The National Science Foundation (NSF) funds research and education in most fields of science and engineering. It does this through grants, and cooperative agreements to more than 2,000 colleges, universities, K-12 school systems, businesses, informal science organizations and other research organizations throughout the United States. The Doctoral Dissertation Research Improvement Grant is one grant provided by the NSF to encourage and support projects that explicitly integrate education and basic research carried out by doctoral students enrolled in U.S. universities.
The Dictoral Dissertation Grant is awarded through multiple programs with specific scientific foci. The primary objective of the Cultural Anthropology Program within NSF is to support basic scientific research on the causes, consequences, and complexities of human social and cultural variability. Although they receive thousands of research proposals each year, only a few are selected for the doctoral dissertation research improvement grant.
This year Brad Jones, a Sociocultural Anthropology PhD Candidate at Washington University in St Louis, was among the graduate students selected to receive the prestigious award, The grant was co-written with Brad's advisor, Glenn Stone, as the principal investigator and Brad Jones as the Co-PI.

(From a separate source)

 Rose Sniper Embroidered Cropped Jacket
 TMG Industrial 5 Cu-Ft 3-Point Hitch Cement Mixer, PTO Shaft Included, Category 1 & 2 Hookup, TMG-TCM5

Brad's research project examines how alternative farmers develop, exchange, and apply knowledge necessary for alternative agriculture. Brad will comparatively study the emerging landscape of knowledge production and exchange in Central Appalachia and the Hudson Valley of New York, regions that have seen recent dramatic increases in the number of alternative farmers but have important demographic, historical, economic, and environmental differences that offer unique challenges and opportunities.